* **Exercise instructions**
The answer should hold nothing but the lines from the one with "串焼き 盛り合わせ(名物やきとん　とみちゃん)" through the end of the listing below, each exactly as written.

* **Exercise materials**
┌──
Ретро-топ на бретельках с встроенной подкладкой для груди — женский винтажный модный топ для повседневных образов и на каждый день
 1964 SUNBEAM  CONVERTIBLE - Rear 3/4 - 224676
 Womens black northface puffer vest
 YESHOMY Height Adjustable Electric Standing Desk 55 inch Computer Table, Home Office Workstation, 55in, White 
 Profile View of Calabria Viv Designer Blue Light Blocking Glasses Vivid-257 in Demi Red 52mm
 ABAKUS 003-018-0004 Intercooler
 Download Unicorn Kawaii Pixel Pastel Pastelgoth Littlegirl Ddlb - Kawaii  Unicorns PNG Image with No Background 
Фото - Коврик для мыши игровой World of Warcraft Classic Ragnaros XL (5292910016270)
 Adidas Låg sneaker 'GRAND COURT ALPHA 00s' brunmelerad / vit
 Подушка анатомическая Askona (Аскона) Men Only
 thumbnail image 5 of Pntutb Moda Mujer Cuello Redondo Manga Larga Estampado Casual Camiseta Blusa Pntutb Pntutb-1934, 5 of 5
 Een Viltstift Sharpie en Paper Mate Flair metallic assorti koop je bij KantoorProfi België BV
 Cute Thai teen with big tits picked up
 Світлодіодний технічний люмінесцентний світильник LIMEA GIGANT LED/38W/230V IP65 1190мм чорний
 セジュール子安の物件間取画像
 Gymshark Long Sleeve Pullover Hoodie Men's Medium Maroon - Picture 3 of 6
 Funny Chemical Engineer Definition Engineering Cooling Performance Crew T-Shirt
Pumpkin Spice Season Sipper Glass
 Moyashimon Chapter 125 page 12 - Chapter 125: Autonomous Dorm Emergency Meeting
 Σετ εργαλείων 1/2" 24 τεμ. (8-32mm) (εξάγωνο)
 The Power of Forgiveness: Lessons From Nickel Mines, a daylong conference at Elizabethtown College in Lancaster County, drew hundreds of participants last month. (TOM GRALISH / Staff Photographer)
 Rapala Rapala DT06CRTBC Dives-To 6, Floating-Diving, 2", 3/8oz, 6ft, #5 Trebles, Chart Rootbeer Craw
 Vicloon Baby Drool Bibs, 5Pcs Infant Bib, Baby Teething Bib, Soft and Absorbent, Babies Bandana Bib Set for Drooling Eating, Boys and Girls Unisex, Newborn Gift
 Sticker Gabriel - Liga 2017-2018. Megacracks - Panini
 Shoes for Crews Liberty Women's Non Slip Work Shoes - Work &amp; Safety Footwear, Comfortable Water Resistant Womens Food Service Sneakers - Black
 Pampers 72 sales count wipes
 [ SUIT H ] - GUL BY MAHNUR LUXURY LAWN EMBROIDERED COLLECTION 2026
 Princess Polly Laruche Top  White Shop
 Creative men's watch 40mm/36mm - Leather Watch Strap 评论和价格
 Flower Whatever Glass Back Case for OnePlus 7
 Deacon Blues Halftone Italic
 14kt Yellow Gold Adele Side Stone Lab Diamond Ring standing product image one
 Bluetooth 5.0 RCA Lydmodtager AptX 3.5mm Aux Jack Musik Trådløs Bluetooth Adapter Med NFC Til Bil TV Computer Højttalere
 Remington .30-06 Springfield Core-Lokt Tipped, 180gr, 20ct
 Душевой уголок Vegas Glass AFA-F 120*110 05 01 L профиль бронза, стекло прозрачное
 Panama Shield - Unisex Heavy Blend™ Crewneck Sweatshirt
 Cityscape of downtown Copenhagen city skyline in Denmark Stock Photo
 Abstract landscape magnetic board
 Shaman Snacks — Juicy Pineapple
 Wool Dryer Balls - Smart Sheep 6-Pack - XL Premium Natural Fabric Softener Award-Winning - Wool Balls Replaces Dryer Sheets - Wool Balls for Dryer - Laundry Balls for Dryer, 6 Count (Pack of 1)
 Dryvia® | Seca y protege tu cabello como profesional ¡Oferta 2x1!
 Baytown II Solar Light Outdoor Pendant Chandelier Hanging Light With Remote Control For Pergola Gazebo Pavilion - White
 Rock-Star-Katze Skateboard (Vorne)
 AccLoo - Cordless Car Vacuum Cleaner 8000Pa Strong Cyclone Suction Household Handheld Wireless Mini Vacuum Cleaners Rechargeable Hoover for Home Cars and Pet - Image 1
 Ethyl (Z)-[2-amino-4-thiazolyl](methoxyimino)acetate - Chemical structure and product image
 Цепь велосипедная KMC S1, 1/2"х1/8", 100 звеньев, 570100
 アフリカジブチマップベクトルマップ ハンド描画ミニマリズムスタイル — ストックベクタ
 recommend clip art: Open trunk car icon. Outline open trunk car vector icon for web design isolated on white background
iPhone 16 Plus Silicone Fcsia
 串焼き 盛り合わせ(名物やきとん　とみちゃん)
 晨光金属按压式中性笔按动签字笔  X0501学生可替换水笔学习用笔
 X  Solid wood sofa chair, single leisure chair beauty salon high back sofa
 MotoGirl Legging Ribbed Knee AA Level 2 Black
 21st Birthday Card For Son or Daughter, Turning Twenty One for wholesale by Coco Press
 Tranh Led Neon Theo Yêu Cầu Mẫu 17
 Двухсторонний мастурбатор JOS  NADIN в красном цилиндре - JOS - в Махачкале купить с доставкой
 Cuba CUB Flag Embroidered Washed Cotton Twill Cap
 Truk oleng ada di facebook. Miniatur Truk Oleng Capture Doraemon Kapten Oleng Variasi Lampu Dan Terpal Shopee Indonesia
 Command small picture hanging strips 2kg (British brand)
└──
* **Response below**
 串焼き 盛り合わせ(名物やきとん　とみちゃん)
 晨光金属按压式中性笔按动签字笔  X0501学生可替换水笔学习用笔
 X  Solid wood sofa chair, single leisure chair beauty salon high back sofa
 MotoGirl Legging Ribbed Knee AA Level 2 Black
 21st Birthday Card For Son or Daughter, Turning Twenty One for wholesale by Coco Press
 Tranh Led Neon Theo Yêu Cầu Mẫu 17
 Двухсторонний мастурбатор JOS  NADIN в красном цилиндре - JOS - в Махачкале купить с доставкой
 Cuba CUB Flag Embroidered Washed Cotton Twill Cap
 Truk oleng ada di facebook. Miniatur Truk Oleng Capture Doraemon Kapten Oleng Variasi Lampu Dan Terpal Shopee Indonesia
 Command small picture hanging strips 2kg (British brand)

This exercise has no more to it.